[Opening Data excerpt section]

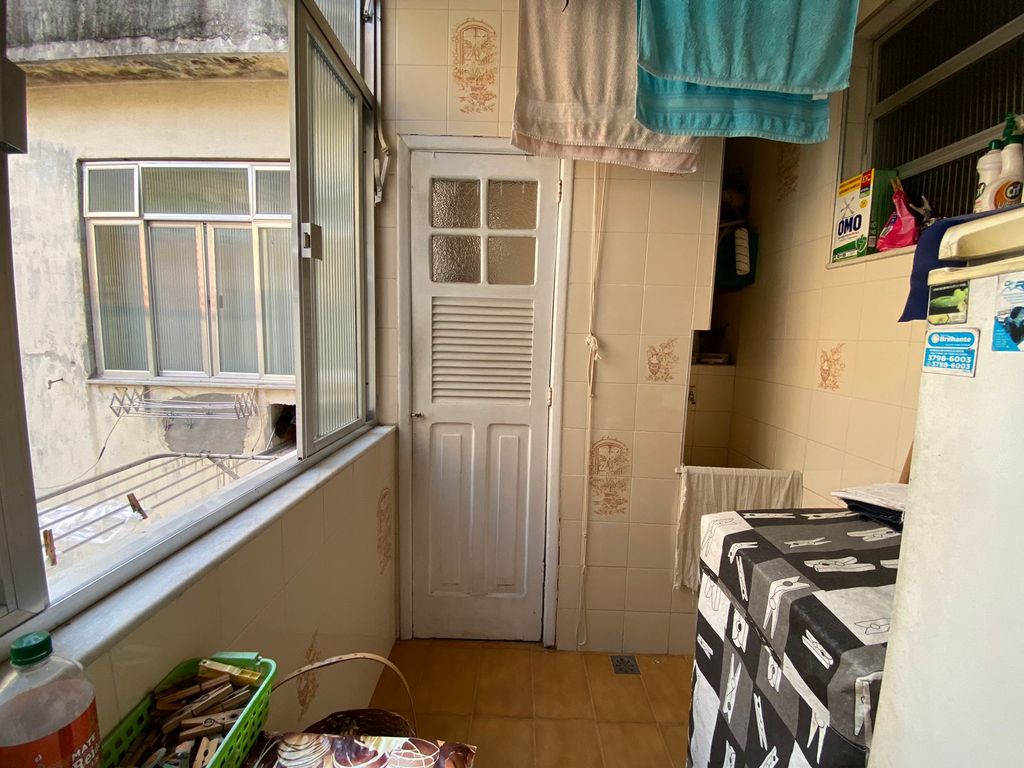 Imagens do imóveis Apartamento Amplo de Dois Quartos e Dependência na Rua André Cavalcanti CentroRJ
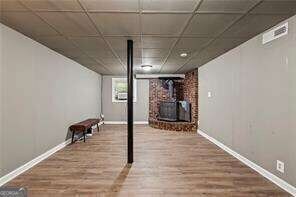 Building Photo - 3235 Woodview Dr SE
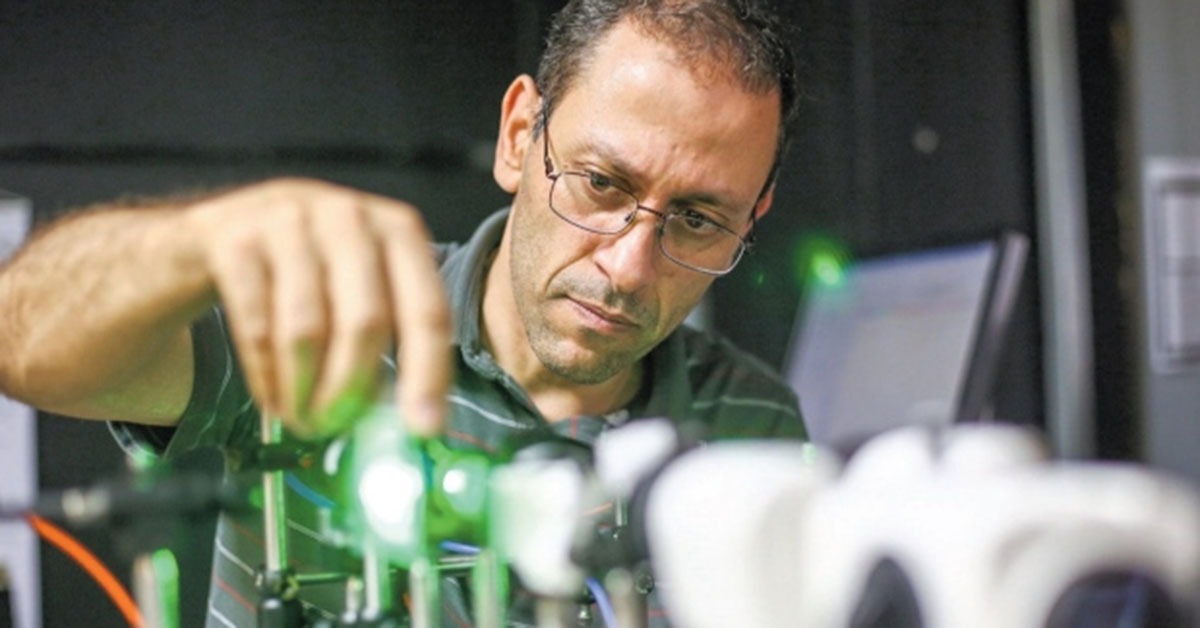 Professor da UFMG assume cargo inédito em laboratório de nanotecnologia internacional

[Closing Data excerpt section]

Work to complete: Full transcription of the material, exact in every line, without images.

Final answer:
 Imagens do imóveis Apartamento Amplo de Dois Quartos e Dependência na Rua André Cavalcanti CentroRJ
 Building Photo - 3235 Woodview Dr SE
 Professor da UFMG assume cargo inédito em laboratório de nanotecnologia internacional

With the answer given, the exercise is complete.